Na vizinha Itapissuma, a Ambev constrói aquela que deverá ser sua segunda maior fábrica no país. A empresa comunicou inicialmente o investimento de 260 milhões de reais na unidade, que deverá começar a operar neste mês.

Mas, antes mesmo da conclusão das obras, decidiu ampliar o aporte para 400 milhões de reais e dobrou o número de empregos gerados de 200 para 400.
A capacidade de produção, de 500 milhões de litros por ano, passou para 850 milhões. Oficialmente, a Ambev não confirma, mas pessoas próximas à direção da empresa dizem que haverá mais um anúncio de ampliação para duplicar a capacidade de produção.

“Pernambuco tinha as condições perfeitas para abrigar a nova fábrica, porque está no centro do Nordeste, que é a região onde o consumo mais cresce no país”, diz Márcio Fróes, vice-presidente de suprimento da Ambev. “E o norte de Pernambuco, com boa infraestrutura, área plana e água em abundância, é ideal.”

A chegada das empresas começou a mudar a vida das cidades do norte pernambucano. A Fiat e a Ambev investem em formação profissional para contar com funcionários da região. A Ambev fez uma parceria com o Senai para treinar todos os empregados pelo menos por dois meses.

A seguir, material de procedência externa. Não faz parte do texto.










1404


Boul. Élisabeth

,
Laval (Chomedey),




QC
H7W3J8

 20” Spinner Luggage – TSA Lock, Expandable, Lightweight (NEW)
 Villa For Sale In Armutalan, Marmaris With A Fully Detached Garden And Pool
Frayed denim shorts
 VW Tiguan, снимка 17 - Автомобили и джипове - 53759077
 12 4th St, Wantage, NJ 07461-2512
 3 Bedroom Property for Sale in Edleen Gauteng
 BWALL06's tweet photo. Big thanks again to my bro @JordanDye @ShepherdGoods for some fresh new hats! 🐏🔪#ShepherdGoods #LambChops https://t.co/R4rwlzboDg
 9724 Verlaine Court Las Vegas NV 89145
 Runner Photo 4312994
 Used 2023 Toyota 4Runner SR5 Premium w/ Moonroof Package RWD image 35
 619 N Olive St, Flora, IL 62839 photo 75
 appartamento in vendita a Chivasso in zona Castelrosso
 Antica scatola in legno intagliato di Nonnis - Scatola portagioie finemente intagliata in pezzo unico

A Fiat, em parceria com o governo, terá cursos em uma escola técnica em Goiana e intermediou um acordo entre a Universidade Estadual de Pernambuco e a Universidade de Turim para que 40 alunos se especializem em engenharia automotiva na Itália.

As plantações de cana-de-açúcar, base histórica da atividade econômica da região, começam a dar lugar a fábricas, e já há planos para a construção de hotéis e de um aeroporto.

Goiana e suas vizinhas devem agora ingressar na lista de polos econômicos de Pernambuco, criados com base em investimentos em infraestrutura e na continuidade de projetos, independentemente do partido de plantão no governo. A lista tem à frente Suape, com sua refinaria de petróleo, estaleiros e indústrias.

Recife viu os setores de serviços e de imóveis disparar nos últimos anos. No sertão, Salgueiro começa a se transformar em centro logístico da Região Nordeste. E Petrolina, com a agricultura irrigada, é uma das principais produtoras de frutas e vinho do país.

Como resultado da atração de empresas e investimentos, Pernambuco se livrou de alguns dos piores índices socioeconômicos do país, como a maior taxa de homicídios e o pior desempenho entre alunos do ensino médio. Sua taxa de desemprego caiu de 15% para 6% em seis anos.

A economia do estado cresceu 9,3% no ano passado, bem acima da média nacional, de 7,5%, e mais do que a média dos principais estados vizinhos. Com mais um polo de produção, Pernambuco amplia a chance de se manter na rota do ­desenvolvimento.